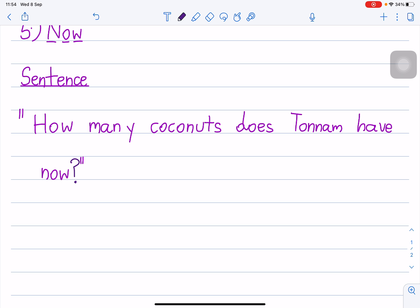Students, once again. Three, two, one. How many coconuts does Tonnam have now? Again, how many coconuts does Tonnam have now?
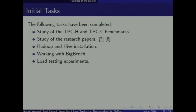This is how our project progressed. We first studied existing benchmarks — TPC and TPCS — which are based on relational database systems. Then we studied research papers, obtained machines from the lab, set up a Hadoop cluster, and started working with Big Bench. We modified it to use those 9 queries, generated the data locally, and conducted the load testing experiments.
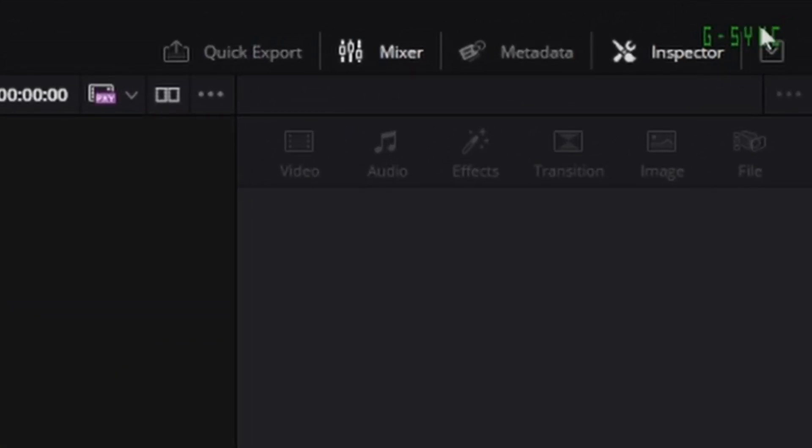And it will say that it's G-Sync compatible, or it would just say the words G-Sync, which means G-Sync is working.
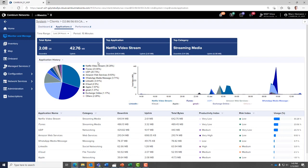You can review the application history, how much overall bandwidth has been consumed, what percentage of the bandwidth is spent on each application, and we also provide a productivity and risk index.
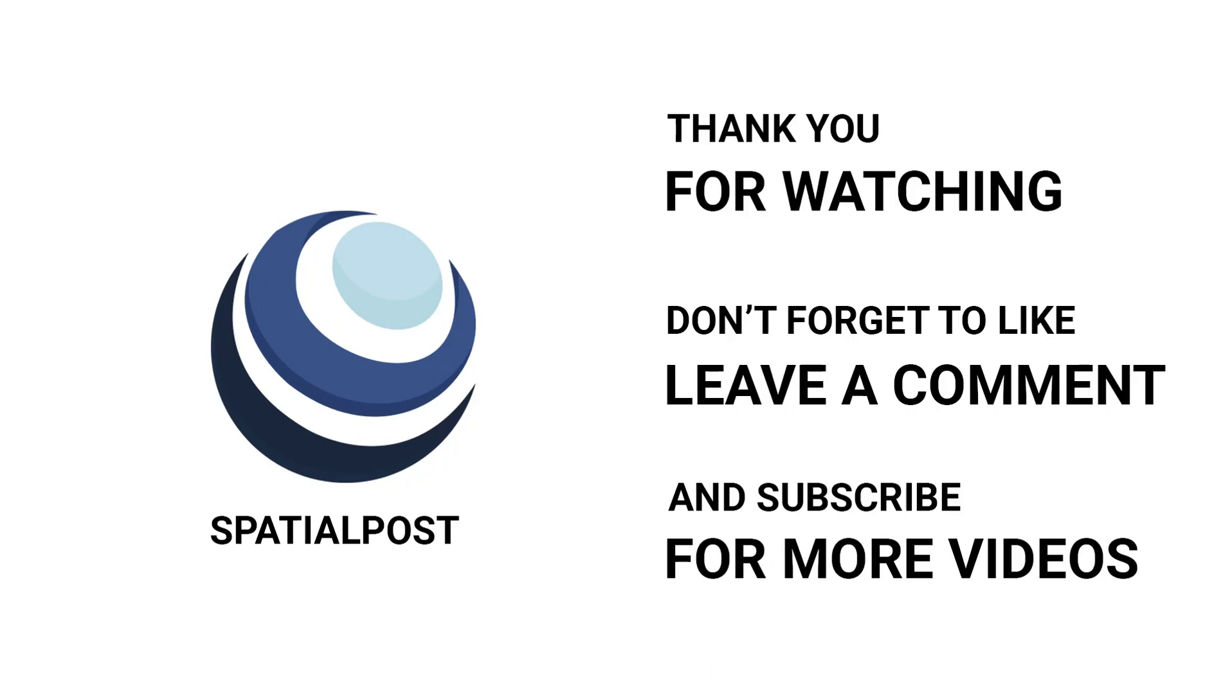Please make sure you like this video, subscribe Spatialpost.com YouTube channel and share this on social media. Visit Spatialpost.com for more details.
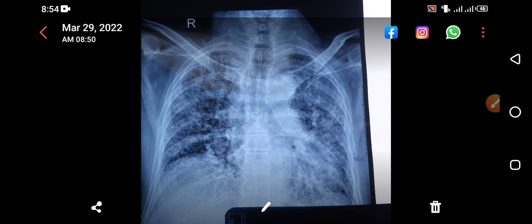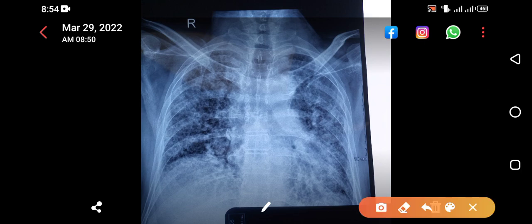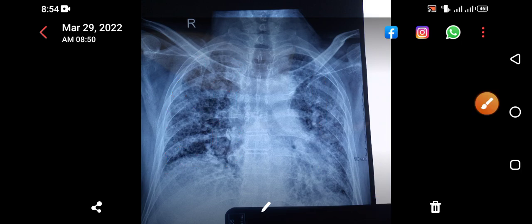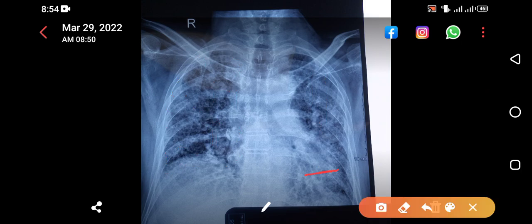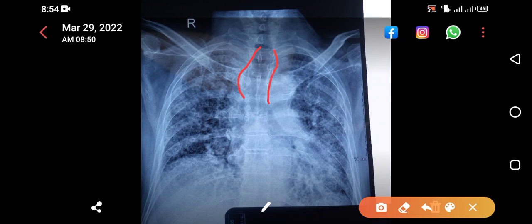Point number one: you can appreciate only three ribs, which means there is volume loss on the right side as well as on the left side — so bilateral lung volume loss. Point number two: can you appreciate the reticular shadows? Yes, there are reticulonodular shadows, predominantly reticular shadows. And can you appreciate the dilated trachea? The dilated trachea is due to traction from both sides.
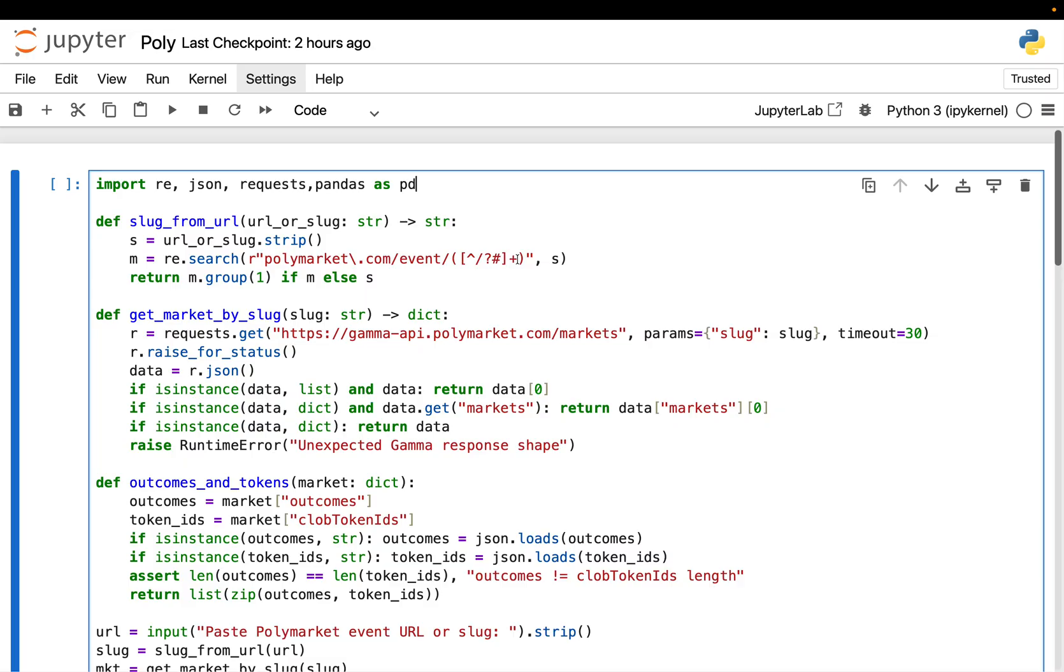In general, to pull historical prices from Polymarket, we need two things. First, we need to identify the market and the outcome tokens. In our case, that's simply up and down. Second, we need the token ID for the specific outcome we want because the price history endpoint is keyed by token ID, not by market title.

*WHAT THIS TASK INVOLVES*: Leave out the images and transcribe all the records exactly.

*SOLUTION FOR THIS EXERCISE*:
Students, once again. Three, two, one. How many coconuts does Tonnam have now? Again, how many coconuts does Tonnam have now?
This is how our project progressed. We first studied existing benchmarks — TPC and TPCS — which are based on relational database systems. Then we studied research papers, obtained machines from the lab, set up a Hadoop cluster, and started working with Big Bench. We modified it to use those 9 queries, generated the data locally, and conducted the load testing experiments.
And it will say that it's G-Sync compatible, or it would just say the words G-Sync, which means G-Sync is working.
You can review the application history, how much overall bandwidth has been consumed, what percentage of the bandwidth is spent on each application, and we also provide a productivity and risk index.
Please make sure you like this video, subscribe Spatialpost.com YouTube channel and share this on social media. Visit Spatialpost.com for more details.
Point number one: you can appreciate only three ribs, which means there is volume loss on the right side as well as on the left side — so bilateral lung volume loss. Point number two: can you appreciate the reticular shadows? Yes, there are reticulonodular shadows, predominantly reticular shadows. And can you appreciate the dilated trachea? The dilated trachea is due to traction from both sides.
In general, to pull historical prices from Polymarket, we need two things. First, we need to identify the market and the outcome tokens. In our case, that's simply up and down. Second, we need the token ID for the specific outcome we want because the price history endpoint is keyed by token ID, not by market title.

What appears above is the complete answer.